MONITOR, Jakarta – Pengamat Politik Lingkar Madani Ray Rangkuti mengatakan, salah satu tantangan tersulit yang dihadapi Jokowi dalam menghadapi pilpres adalah isu SARA. Isu tersebut dinilai sangat sensitif dan begitu masif dimainkan oleh kelompok tertentu.

"Kesulitan Jokowi adalah soal isu Sara. Kalau ini tidak dicekal maka ini bisa menggerus suara Jokowi di Pilpres nanti," kata Ray dalam diskusi bertajuk wakil presiden pilihan rakyat yang berlangsung dikawasan Cikini, Jakarta Pusat, Kamis (1/3).

Selain itu, dikatakan Ray, kelemahan lain yang dimiliki oleh mantan Gubernur DKI Jakarta ini ialah terkait beberapa kebijakan yang dikeluarkannya banyak mengandung kontroversi dan menuai kritikan dikalangan masyarakat. Salah satunya soal kenaikan harga BBM non subsidi beberapa waktu lalu.
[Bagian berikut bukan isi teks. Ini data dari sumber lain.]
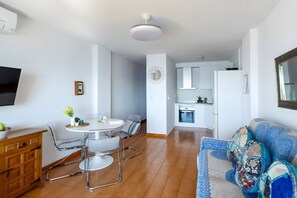 Un salon moderne comprenant un canapé, une table à manger avec des chaises, un coin cuisine et un téléviseur fixé au mur.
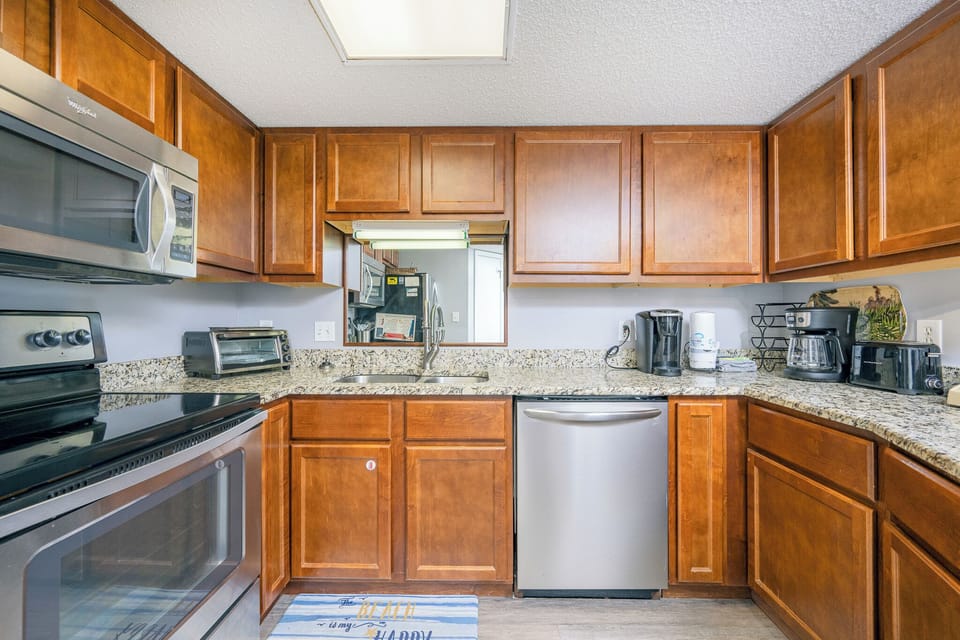 Prepare meals in this inviting kitchen featuring granite countertops, stainless appliances, and wooden cabinetry
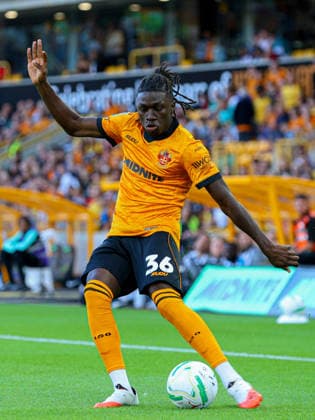 WOLVERHAMPTON, ENGLAND - August 7: Mateus Mane of Wolves crosses the ball during the Carabao Cup football match between Wolverhampton Wanderers and Port Vale at Molineux stadium on August 7 2026 in Wolverhampton, England  Copyright: xNataliexMincher SPPx Sportspressphoto_SPR202173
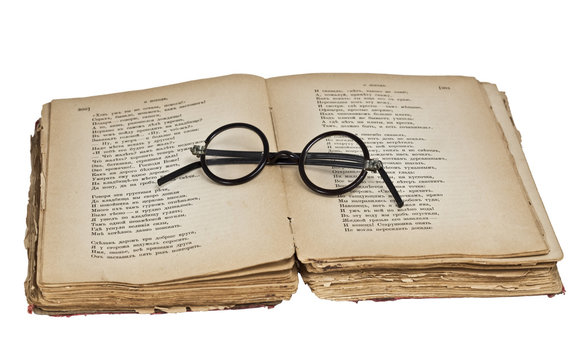 The old glasses in an ancient book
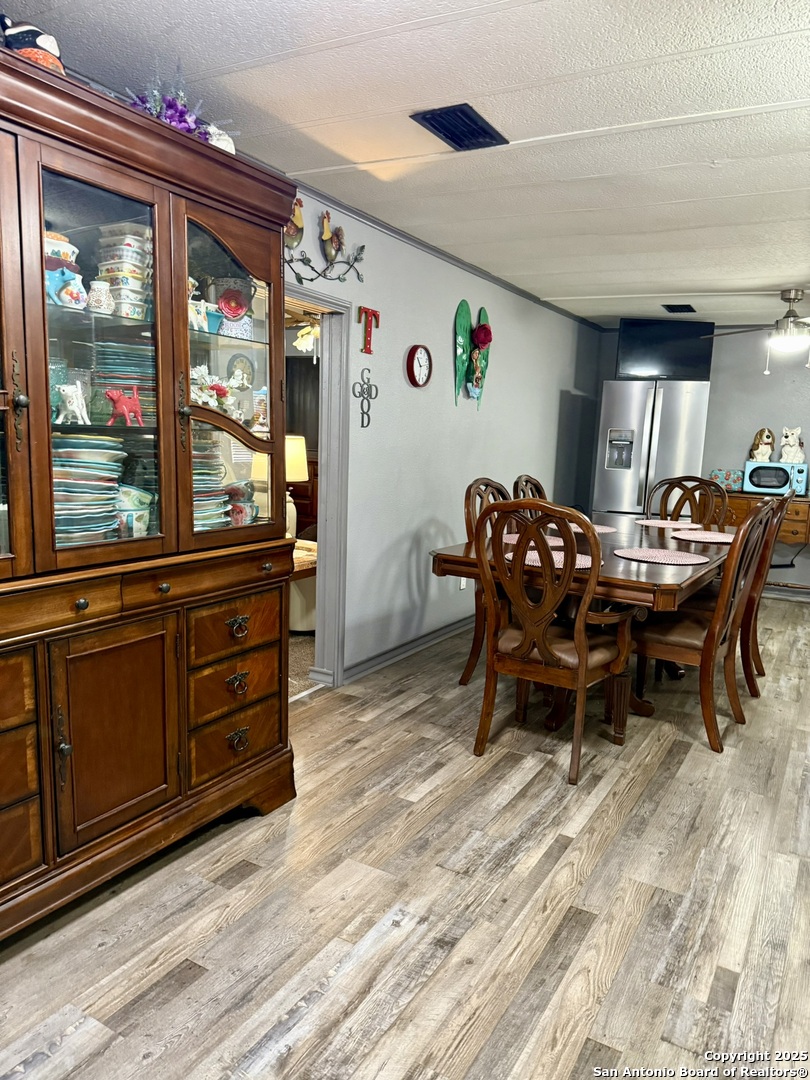 508 East Thornton Street Three Rivers, TX 78071 - Photo 8 of 17 a view of a dining room with furniture window and wooden floor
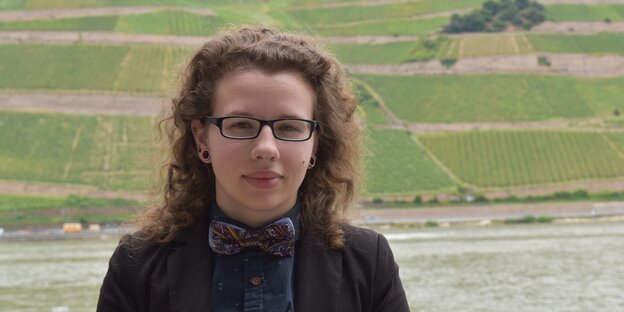 Eine junge Frau mit Locken und Brille steht vor einer grünen Hügellandschaft. Eine junge Frau mit Locken und Brille steht vor einer grünen Hügellandschaft.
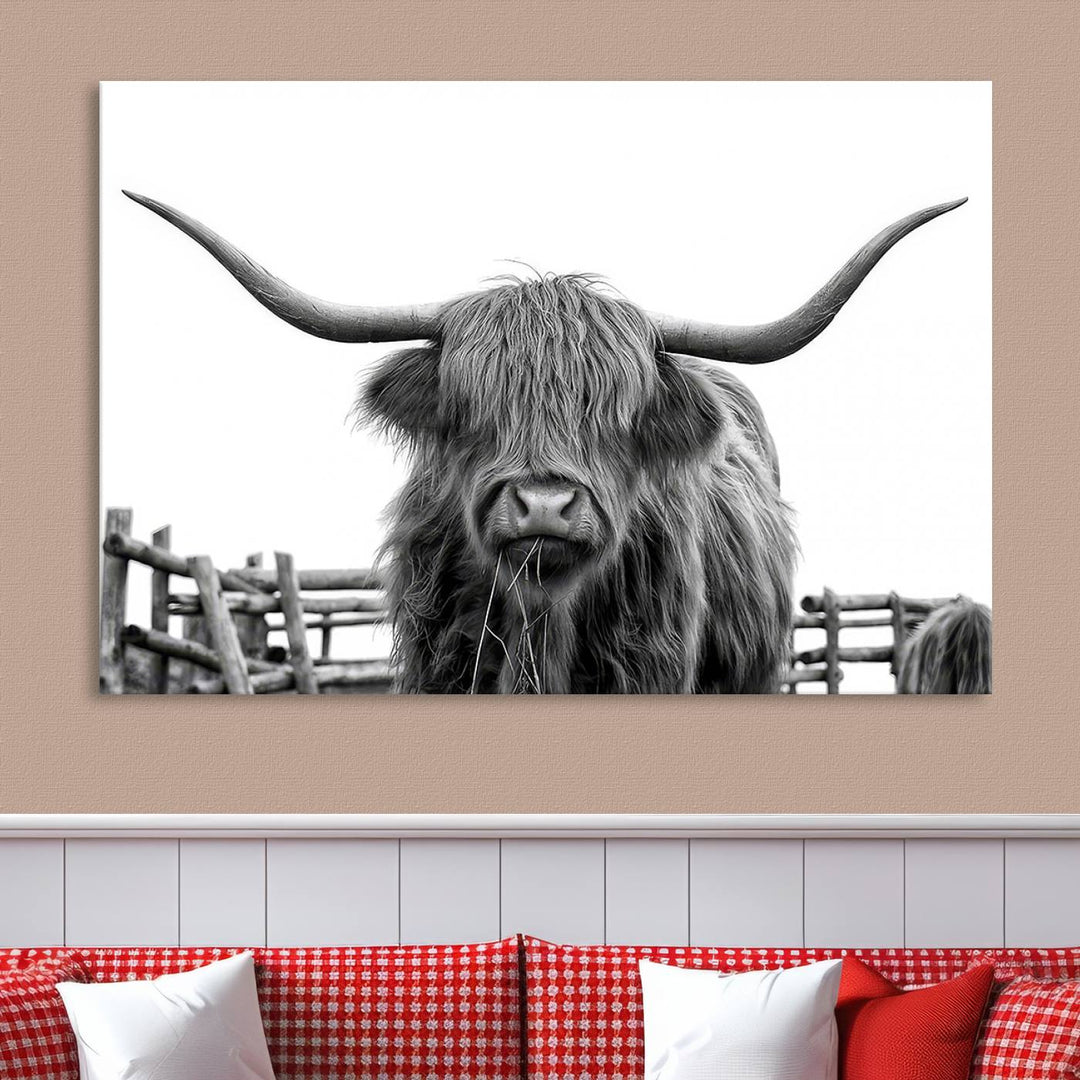 The Longhorn Canvas Print, featuring a black-and-white triptych of a Bighorn cow with shaggy fur and impressive long horns, is elegantly showcased. This wall art piece boasts a gallery-quality finish on premium canvas, bringing sophistication to any room.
"Ada beberapa kebijakan yang mendapat kritikan, misalnya soal Harga BBM. Tapi saya lihat di sosial media kebijakan ini tidak mendapat reaksi kuat dari masyarakat. Mungkin ini akan berdampak pada elektabilitasnya Jokowi tapi tidak banyak," ujarnya.
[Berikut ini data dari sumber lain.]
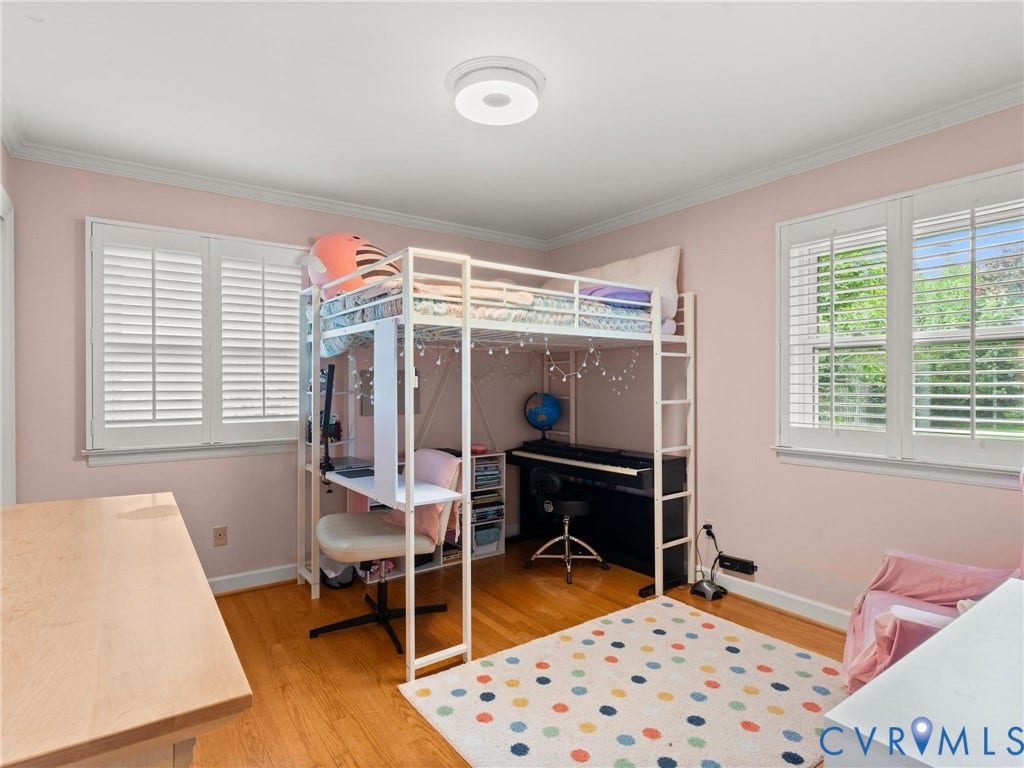 Bright, versatile bedroom featuring hardwood flooring, plantation shutters on dual windows, and abundant natural light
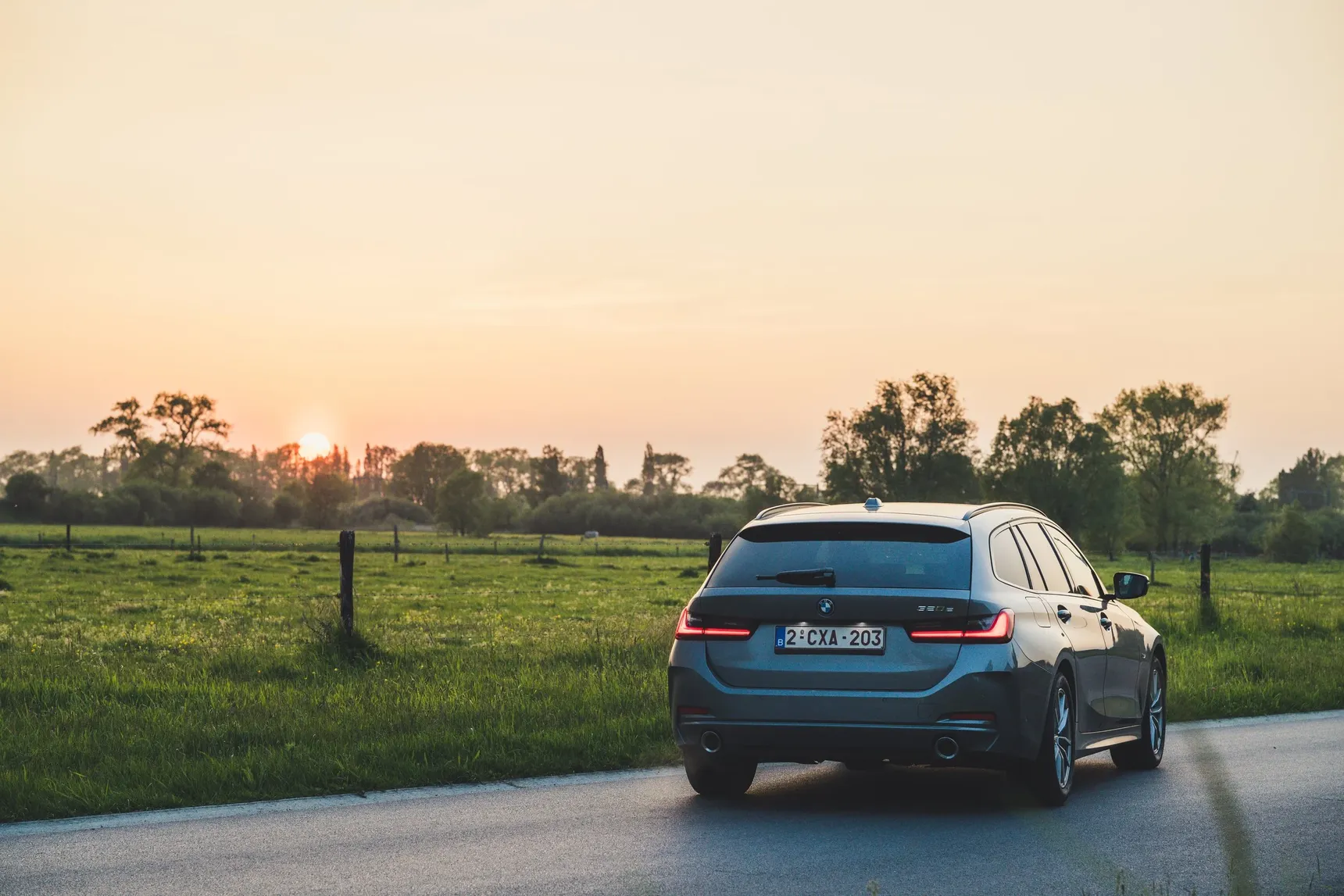 2024 BMW 320e Touring rear sunset grass fields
Oleh sebab itu, Ray mengatakan apabila secara terus menerus Jokowi diserang dengan isu SARA, sebaiknya pada Pilpres nanti lebih baik menggandeng Cawapres dari kalangan santri, bertujuan untuk meredam isu SARA yang selalu disudutkan kepada calon yang diusung oleh PDI-P itu.
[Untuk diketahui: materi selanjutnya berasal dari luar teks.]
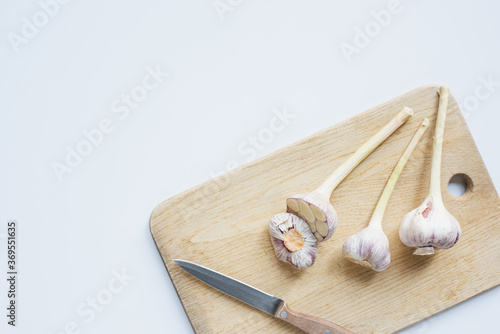 top view of garlic on wooden chopping board with knife on white background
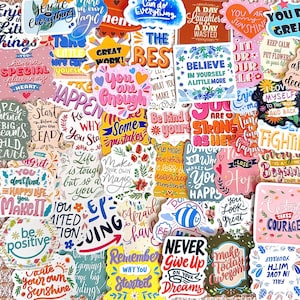 May include: A collection of colorful vinyl stickers featuring various motivational quotes and phrases such as You are enough, Believe in yourself, Never give up on your dreams, and Make your own magic, displayed in diverse fonts and decorative styles.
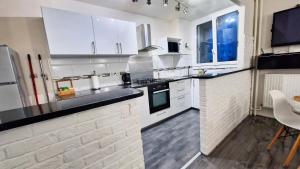 uma cozinha com armários brancos e bancadas pretas em Appartement moderne cosy et Calme - 15 min Paris em Chilly-Mazarin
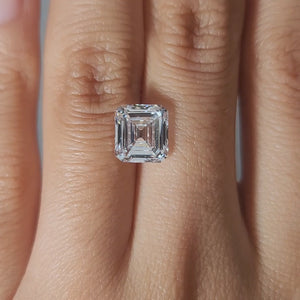Close-up video of 3.02ct Asscher diamond's concentric facets in warm light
Menurutnya, Jokowi bisa menggandeng ketua Umum Partai kebangkitan Bangsa (PKB) Muhaimin Iskandar atau Ketua umum Partai Persatuan Pembangunan (PPP) Romahurmuzy.

"Dan sekarang ini Jokowi sedang menguji mereka berdua ini, kadang dia mengundang Cak Imin untuk bertemu apakah pak Romy cemburu enggak dengan hal itu, kira – kira begitu yah," ungkapnya.

Tidak hanya Jokowi yang mengalami kesulitan dalam pencalonan nanti, akan tetapi menurut Ray, Prabowo Subianto Ketua Umum Gerindra sampai saat ini masih bungkam terkait pencalonannya sebagai Capres di Pilpres 2019.

"Saat ini belum ada kejutan dari Prabowo dia mau naik (Maju pilpres) atau tidak. sementara Jokowi sudah mencari Cawapresnya. Kesulitan Prabowo adalah akan naik atau menyerahkan kursi pada orang lain kalau dia tidak naik dia harus mencari sosok yang mempunyai elektabilitas yang tinggi," pungkasnya.